→ **GIVEN MATERIAL**

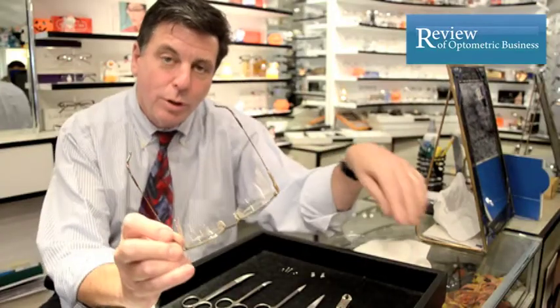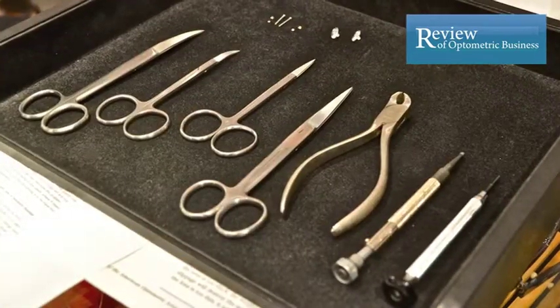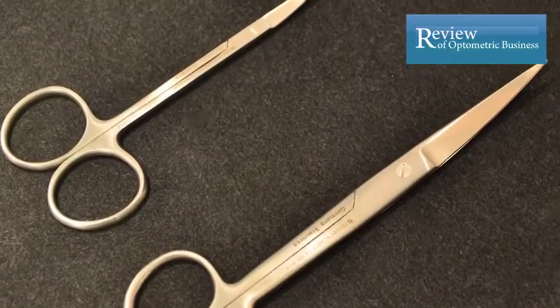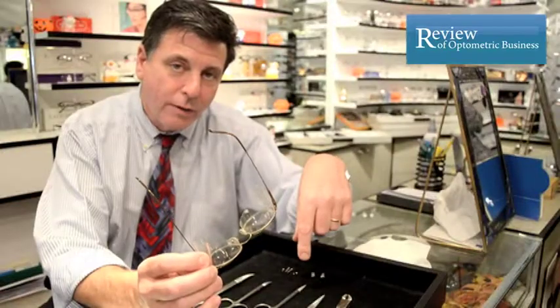In producing a pair of moisture chamber glasses we use all these tools: a screwdriver, a hex nut wrench, a chapelle plier, and some scissors. The scissors help you to contour the plastic onto the patient's face.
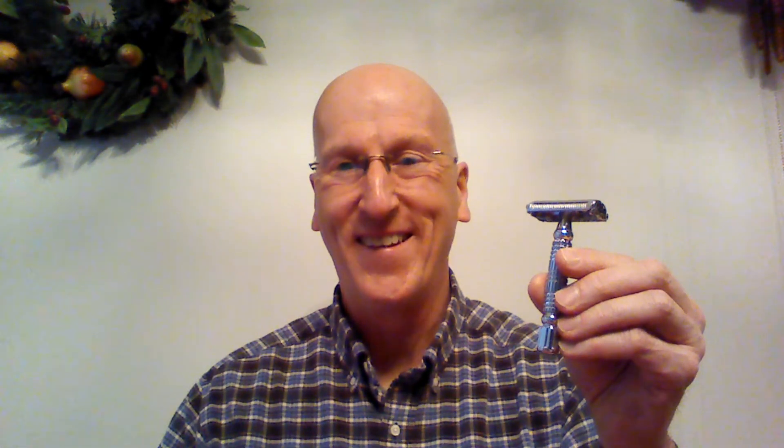All right, that's all I wanted to say. Thanks very much for viewing. Please subscribe, and comment below to let me know. Check out my blog at georgetoon.com/blog for my comic strip George, other cartoons, and other videos like this. I'll see you again real soon. Thank you.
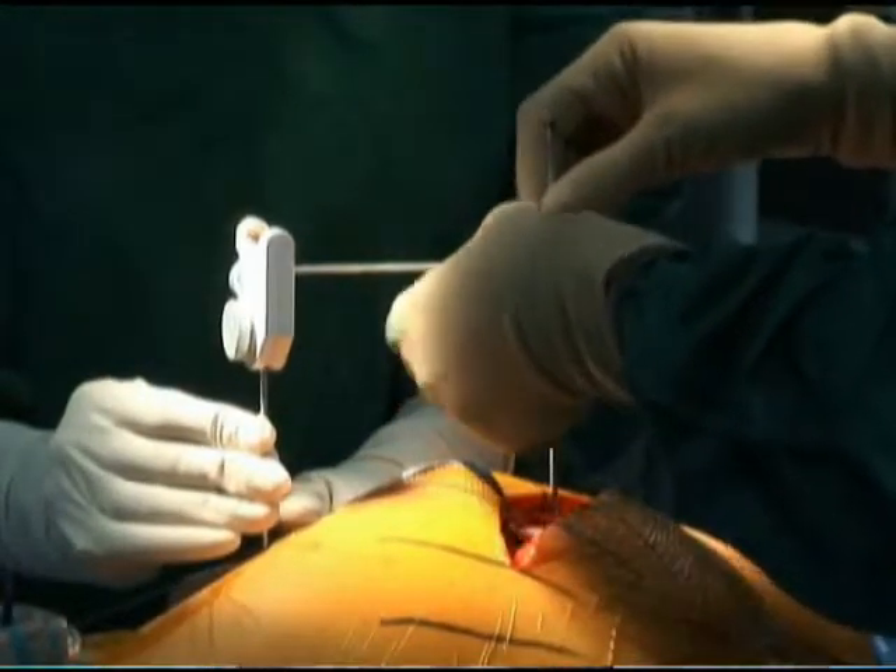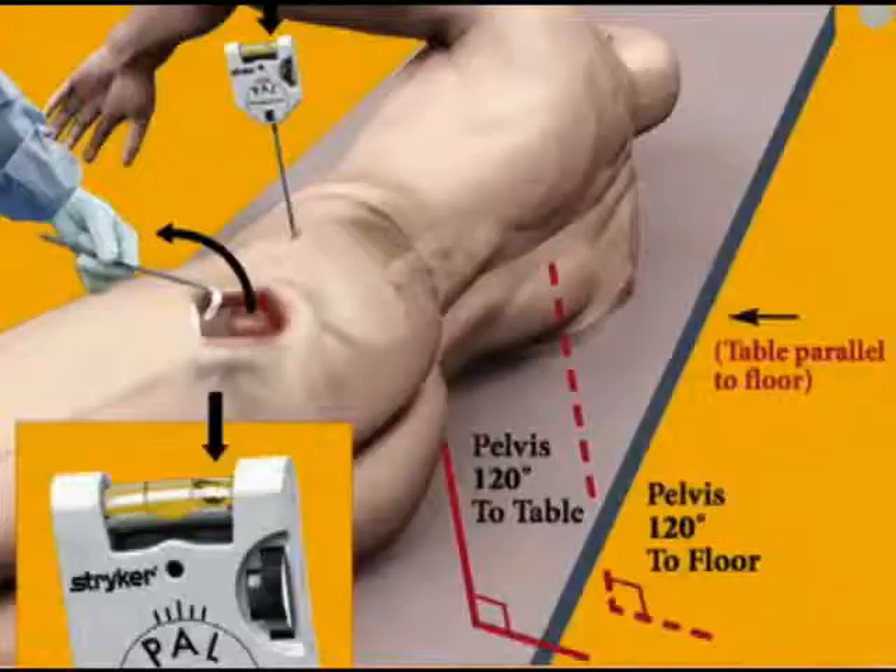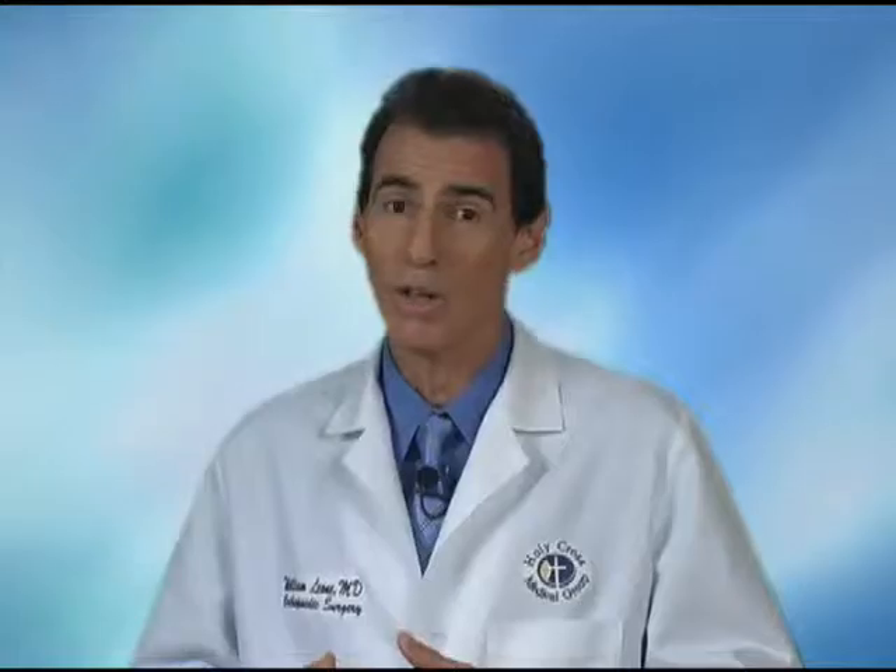If the components are optimally oriented and the leg length truly feels the same, those are the best results. Those are the hips that are the most comfortable, and those are the people that can just walk or be very active without any pain or without any length discrepancy.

→ **WORK INSTRUCTION**
Omit the pictures and write out the lines above from the one with "All right, that's" through the last, unchanged.

→ **SOLUTION FOR THIS EXERCISE**
All right, that's all I wanted to say. Thanks very much for viewing. Please subscribe, and comment below to let me know. Check out my blog at georgetoon.com/blog for my comic strip George, other cartoons, and other videos like this. I'll see you again real soon. Thank you.
If the components are optimally oriented and the leg length truly feels the same, those are the best results. Those are the hips that are the most comfortable, and those are the people that can just walk or be very active without any pain or without any length discrepancy.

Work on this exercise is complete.